Exercise aim:
Will you transcribe all the entries word for word, skipping the pictures they hold?

Task input:
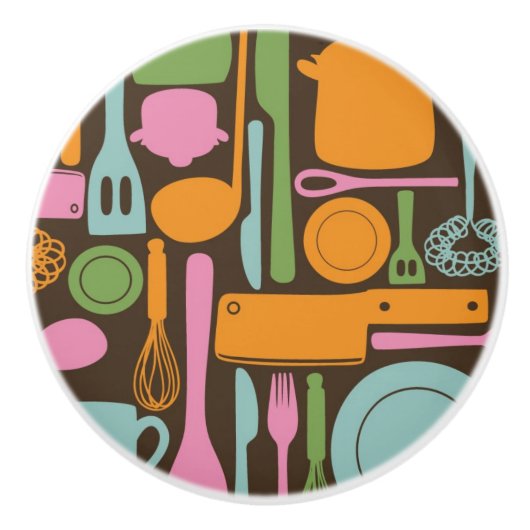 Bouton De Porte En Céramique Motif 3 d'ustensiles de cuisine (Devant)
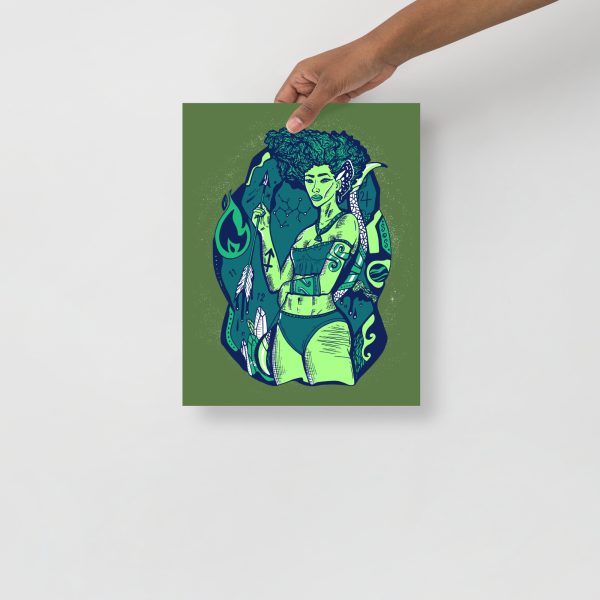 Green Sagittarius Art “Sagittarius Goddess 1” Sagittarius Drawing - Image 2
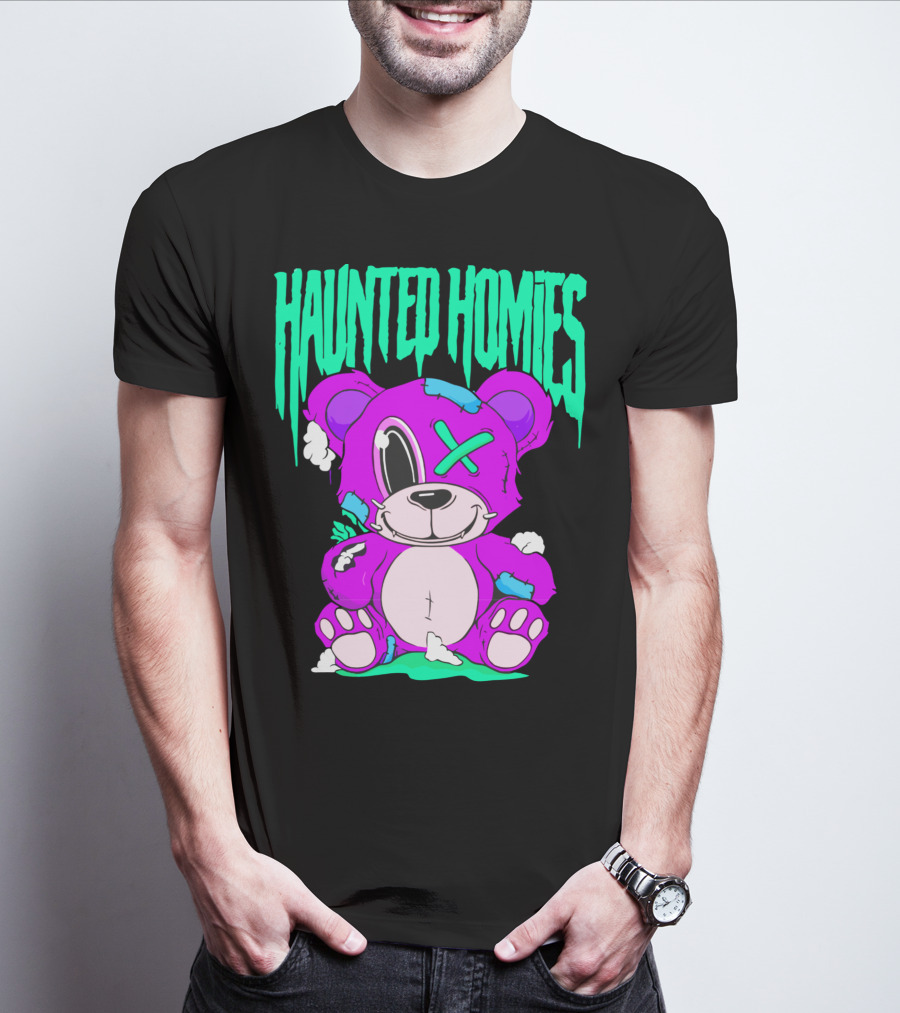 HAUNTED HOMIES Purple Teddy Bear Crossed Eye Patchwork T-Shirt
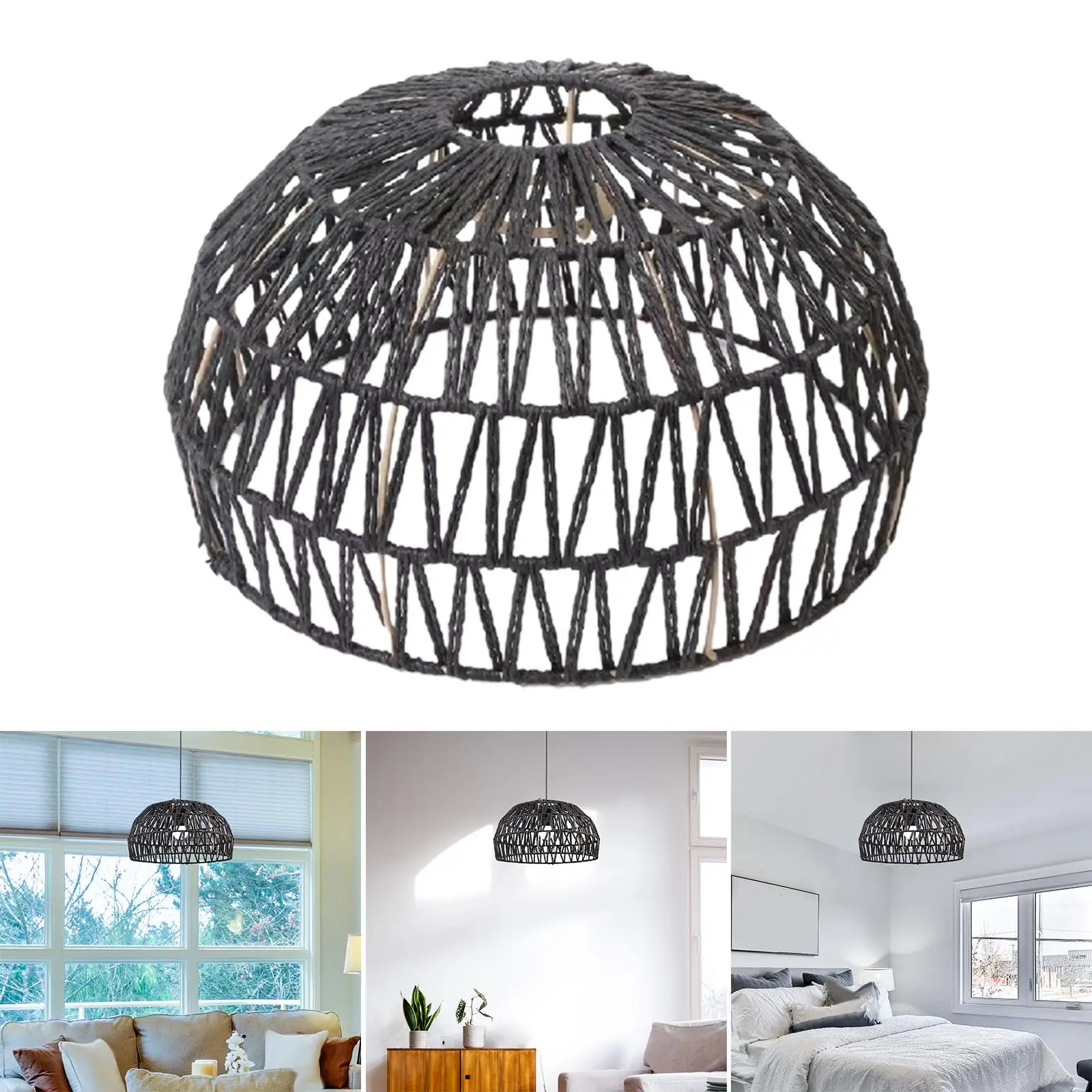 Nordic Style Pendant Lamp Shade Rope Hanging Light Decoration Lampshade for Restaurant Living Room Dining Room Teahouse Kitchen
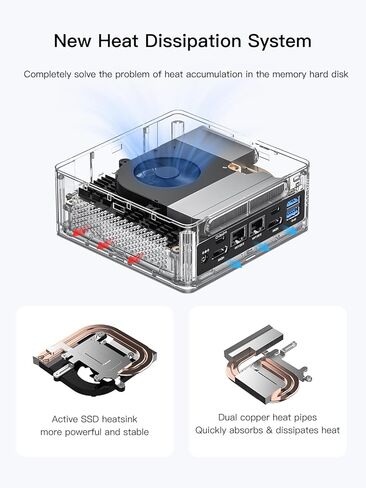 Minisforum Venus Series NAB9 MINI PC Barebone Intel Core I9-12900HK (14C/20T) ، كمبيوتر سطح المكتب المصغر بدون RAM/SSD/OS ، 2x HDMI+2X USB-C 4K@60Hz Output ، 2x 2.5G LAN ، 4X USB3.2 Small Computer (READED) in Saudi Arabia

Problem solution:
 Bouton De Porte En Céramique Motif 3 d'ustensiles de cuisine (Devant)
 Green Sagittarius Art “Sagittarius Goddess 1” Sagittarius Drawing - Image 2
 HAUNTED HOMIES Purple Teddy Bear Crossed Eye Patchwork T-Shirt
 Nordic Style Pendant Lamp Shade Rope Hanging Light Decoration Lampshade for Restaurant Living Room Dining Room Teahouse Kitchen
 Minisforum Venus Series NAB9 MINI PC Barebone Intel Core I9-12900HK (14C/20T) ، كمبيوتر سطح المكتب المصغر بدون RAM/SSD/OS ، 2x HDMI+2X USB-C 4K@60Hz Output ، 2x 2.5G LAN ، 4X USB3.2 Small Computer (READED) in Saudi Arabia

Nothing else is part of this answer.